We explore how rocky planets form and geochemically evolve over time.
To understand how Earth distinguished itself as the only known inhabited planet among the Solar System bodies, there are lessons to be learnt from geologic evolution of other terrestrial planetary bodies, such as Mars, the Moon, Venus, and Mercury and even exoplanets. We do not know why these planets have drastically different atmosphere. Is it owing to accretion from vastly different compositions, or is it because of the difference in conditions of early evolution (e.g., thermal and oxidation state and depth of core-mantle separation) that caused very different fractionation of fluids between the interior and the exosphere? Our goal is to compare and contrast the origin and cycling of volatiles and fluids, magmatic history of various known and plausible rocky planets through time.

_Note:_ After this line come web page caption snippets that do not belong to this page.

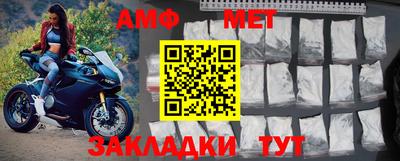 spice Камышлов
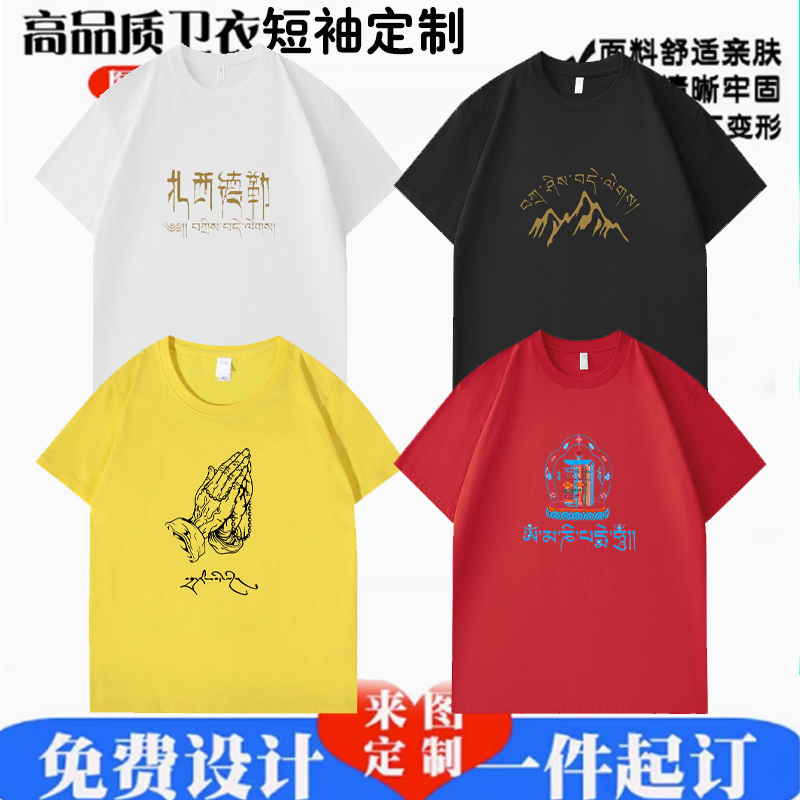 藏族T恤印制藏文吉祥物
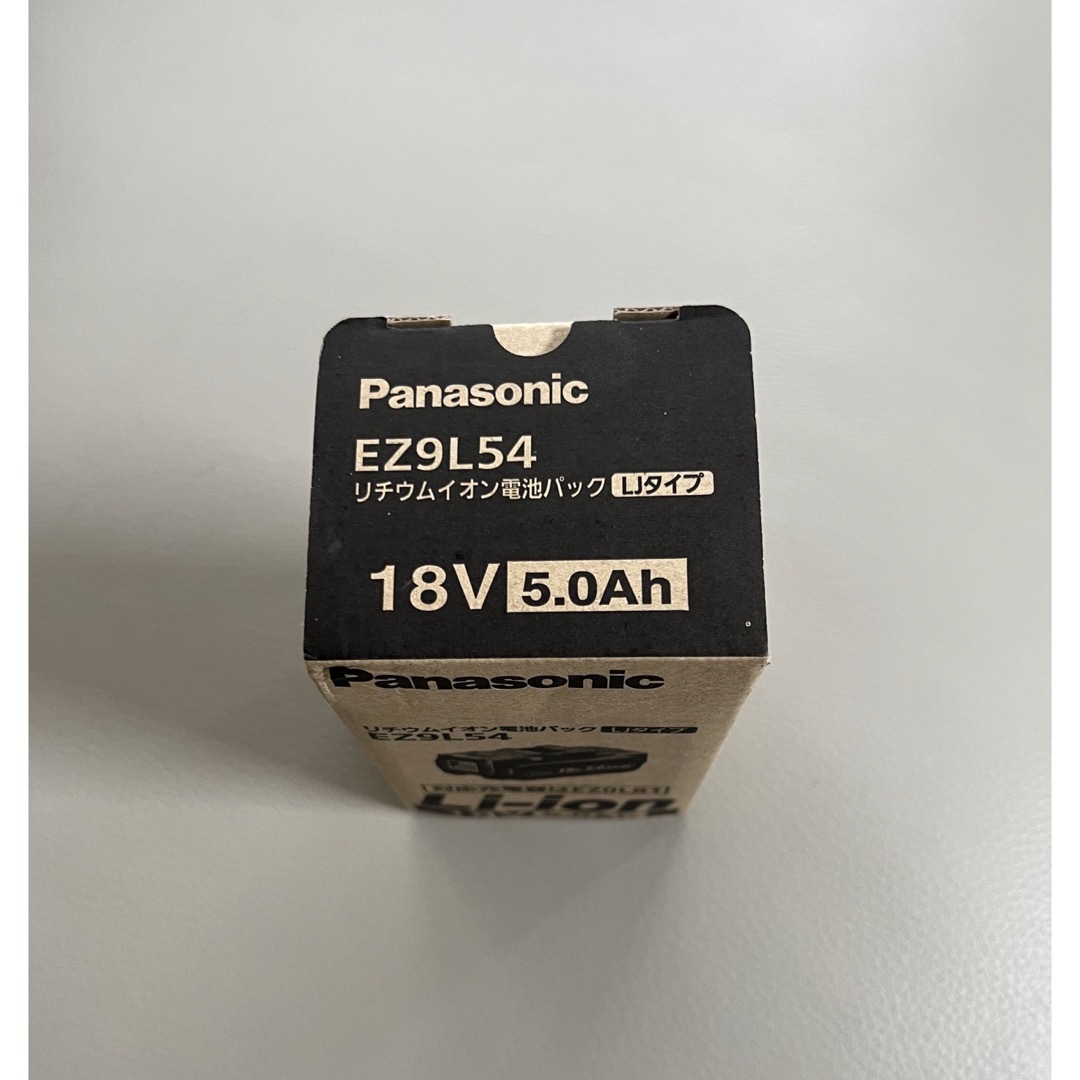EZ9L54 パナソニック リチウムイオン電池パック 18V 5.0Ah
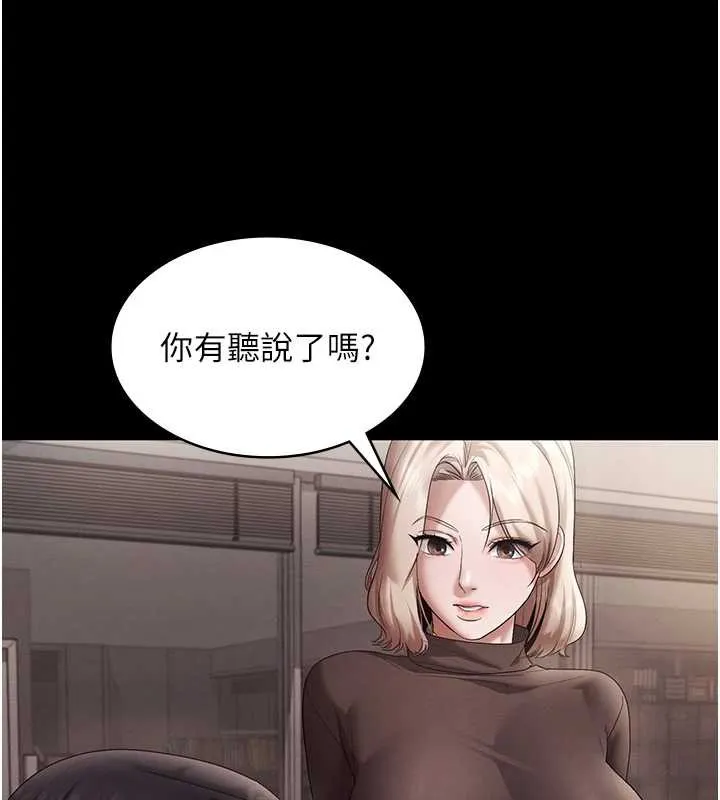 老闆娘的誘惑第79話-誰更吸引你?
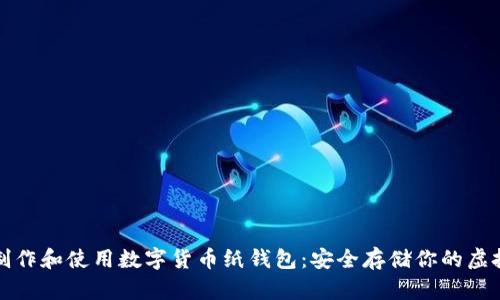 如何制作和使用数字货币纸钱包：安全存储你的虚拟资产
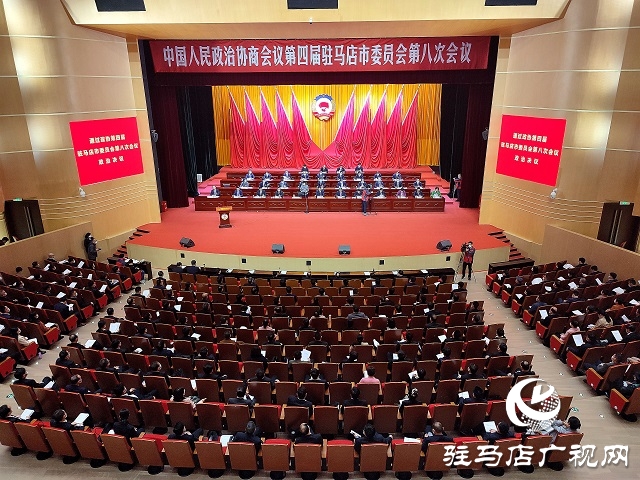 政协第四届驻马店市委员会第八次会议胜利闭幕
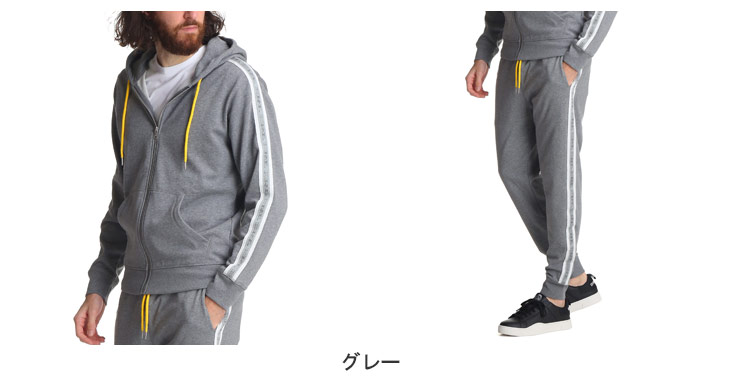 Diesel ディーゼル サイドロゴライン ジップパーカー スウェット ロングパンツ セットアップ ブランド メンズ 男性 セット スエット 上下セット パーカー スポーツ ストリート Dsse8mtawisetup 税込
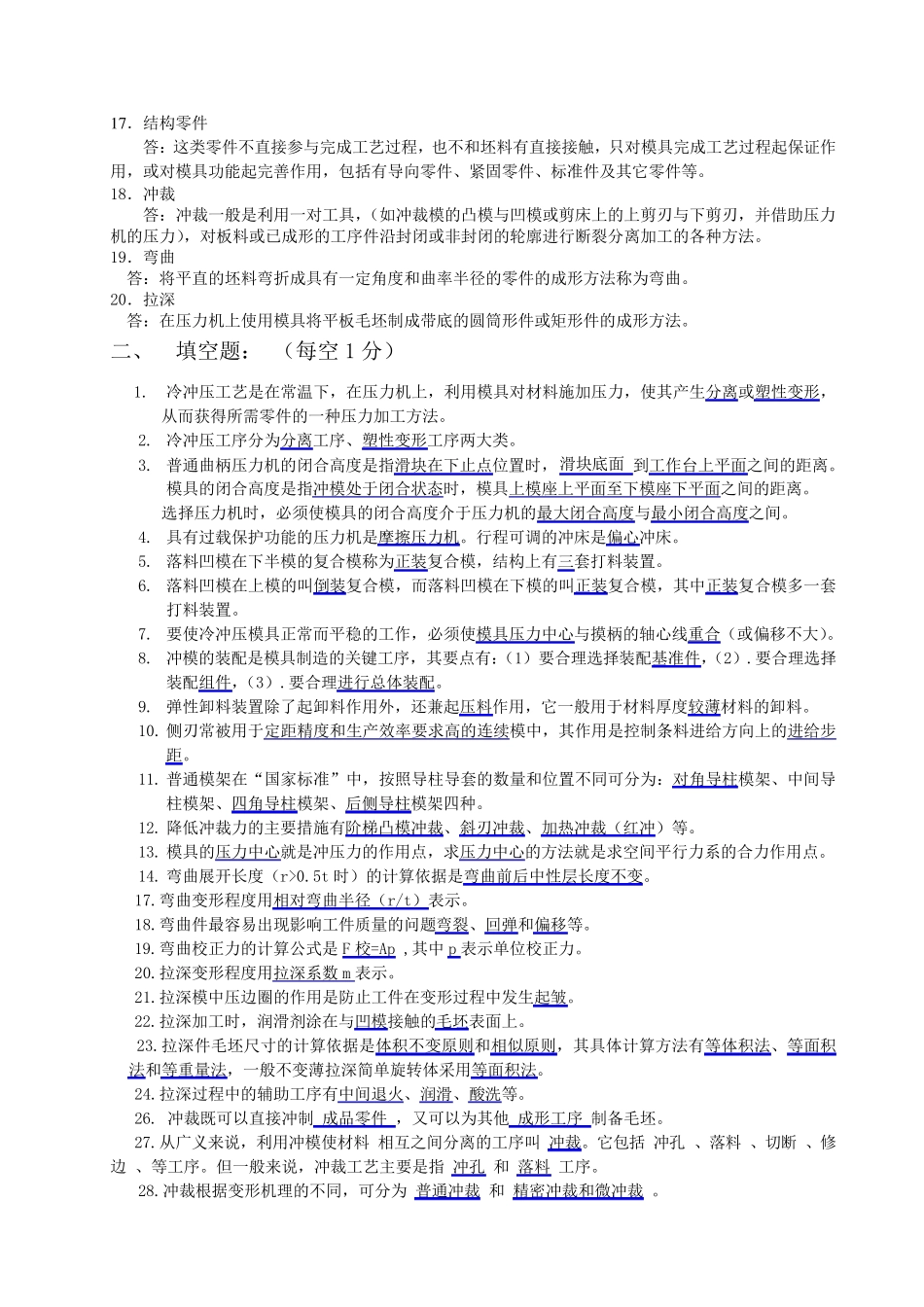 《冲压工艺与模具设计》试题库_第2页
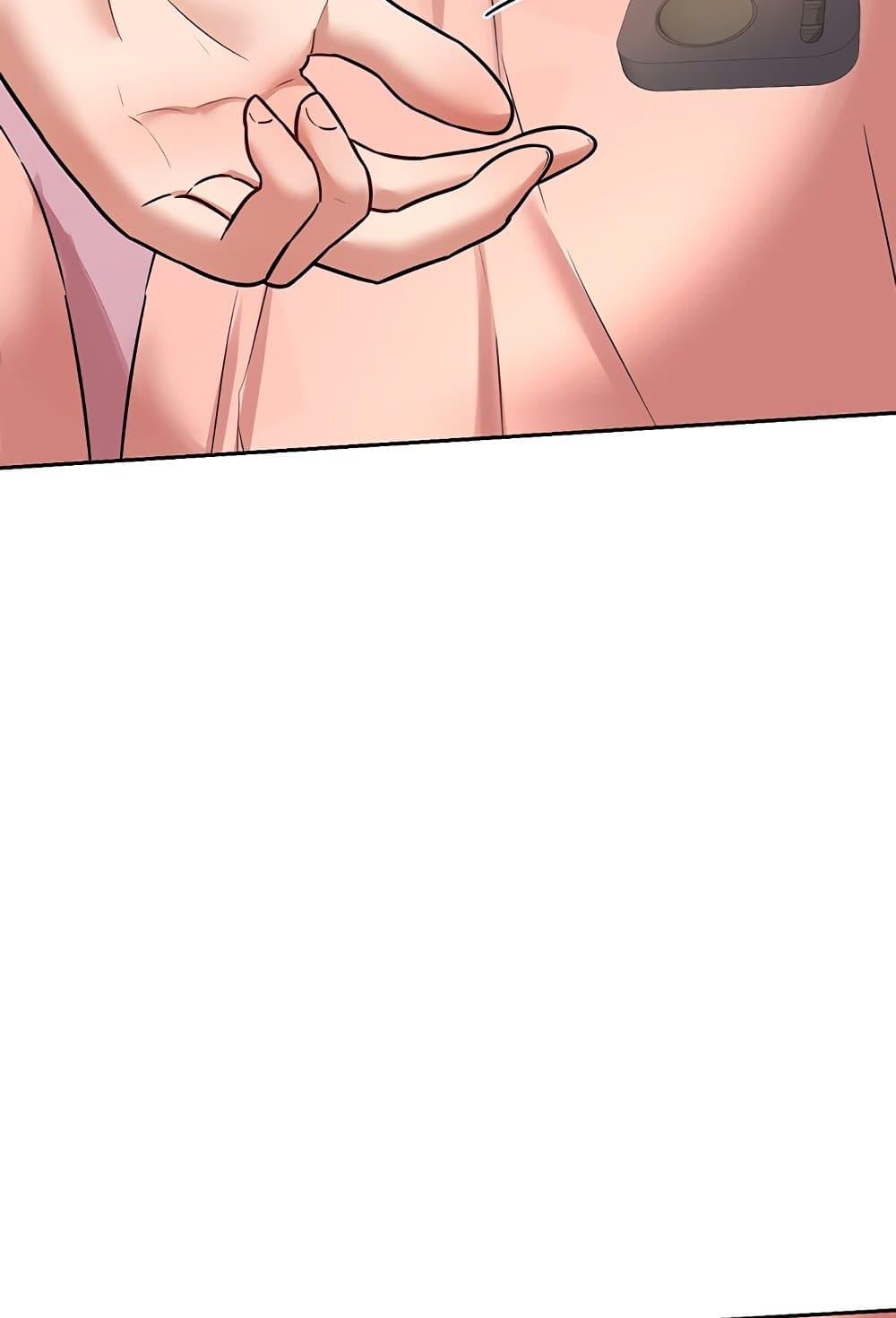 Doujin-Lc- อ่าน โดจิน มังฮวา เกาหลี ญี่ปุ่น จีน แปลไทย MILF Exchange Plan ตอนที่ 1 2 3 4 5 6 7 8 9 10 11 12 13 14 ฟรี ไม่มีโฆษณา อ่าน โดจิน Manhwa เกาหลี ญี่ปุ่น จีน เรามีครบ คัดมาให้เน้นๆ โดจิน 18+ รับประกันความฟินโดย  Doujin Lc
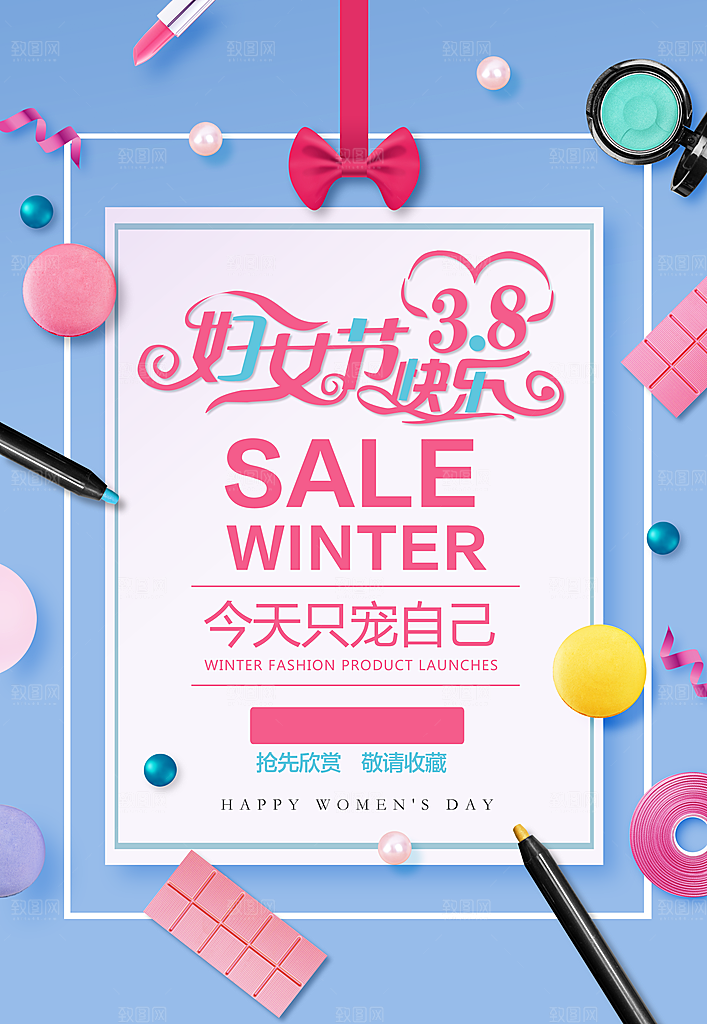 创意商场促销打折节日海报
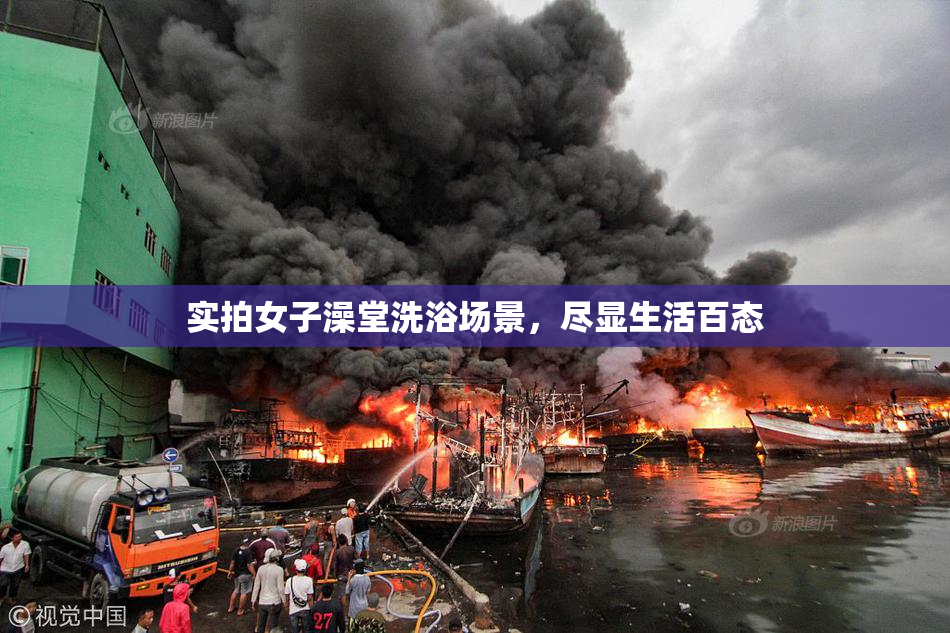 实拍女子澡堂洗浴场景，尽显生活百态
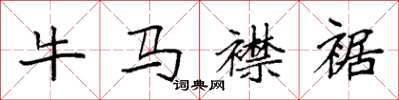 袁強牛馬襟裾楷書怎么寫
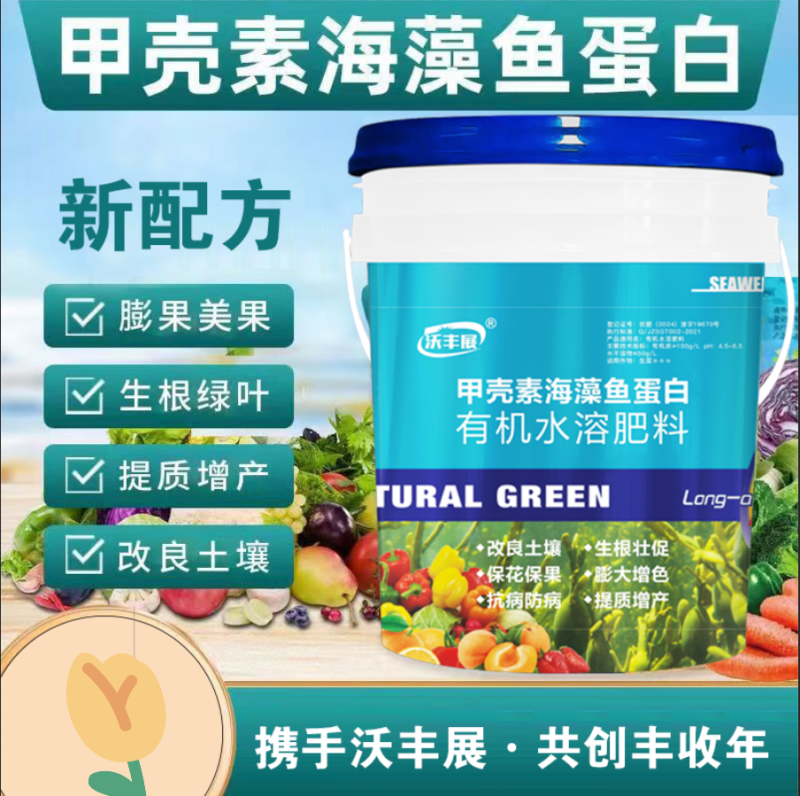 鱼蛋白桶肥有机海藻甲壳素膨果美果生根绿叶提质增产改良土壤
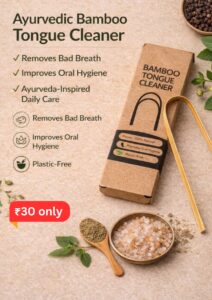 Beige and Black Minimalist Product Catalog A4 20260108 132254 0000 1 page 0013 Bamboo India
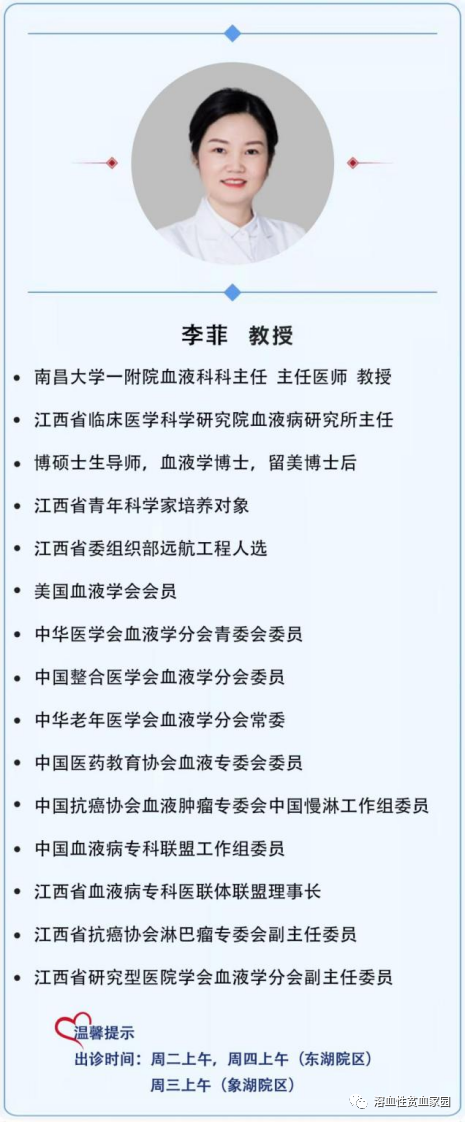 一问医答 | 自身免疫性溶血性贫血（AIHA）常见问题（六）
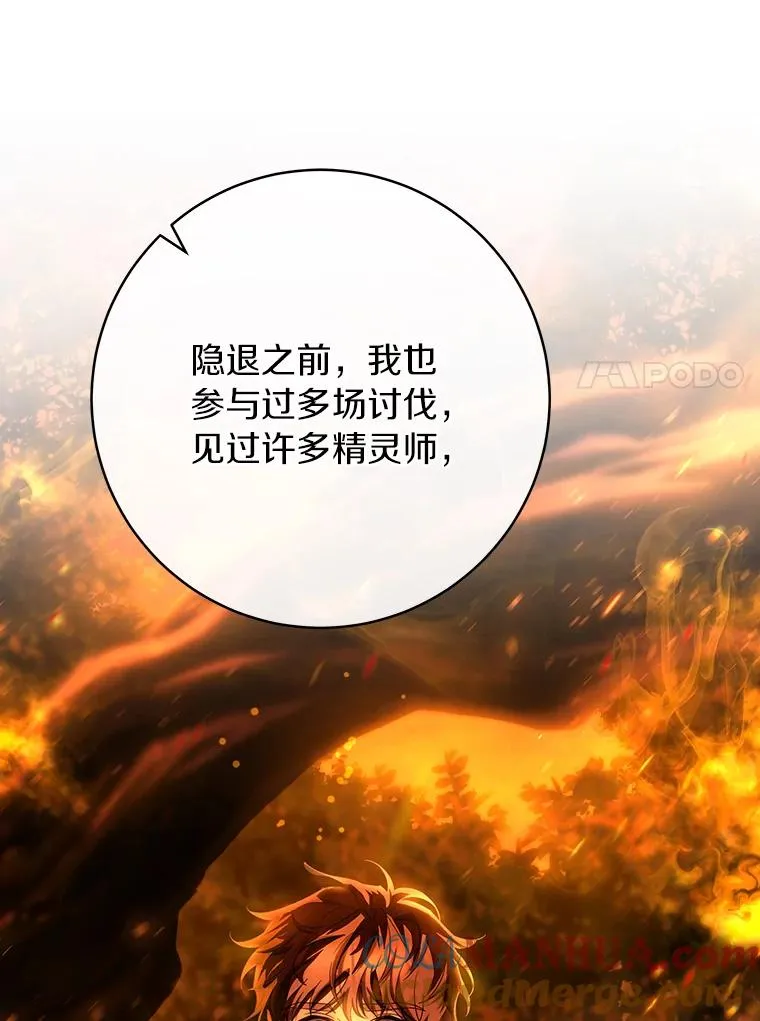 75.永恒守望76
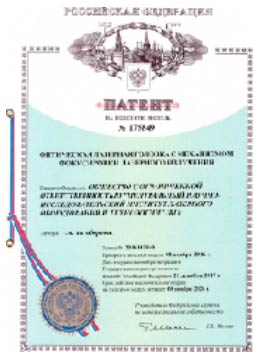 МиниМаркер2 - Система прецизионной лазерной маркировки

Some of the current sub-themes (see more details below) are:
- Accretion and core-mantle differentiation of terrestrialrocky planets
- Rocky Bodies in our Solar System and Beyond
Accretion and core-mantle differentiation of rocky planets
We are not only interested in the origin of volatile elements on Earth but also aim to constrain how the processes of accretion and early differentiation might have shaped the starting condition for other rocky bodies in our Solar System and other solar systems. We have been learning how the difference in conditions of early differentiation may lead to very different initial budget of life-essential elements such as carbon in the silicate portion of the planet (e.g., Chi et al., 2014 – GCA; Li et al., 2016 – Nat Geocsi; Tsuno et al., 2018 – GCA). In the coming years we would look to expand our work on the fate of all life-essential elements (COHNSP) during early history of rocky planets.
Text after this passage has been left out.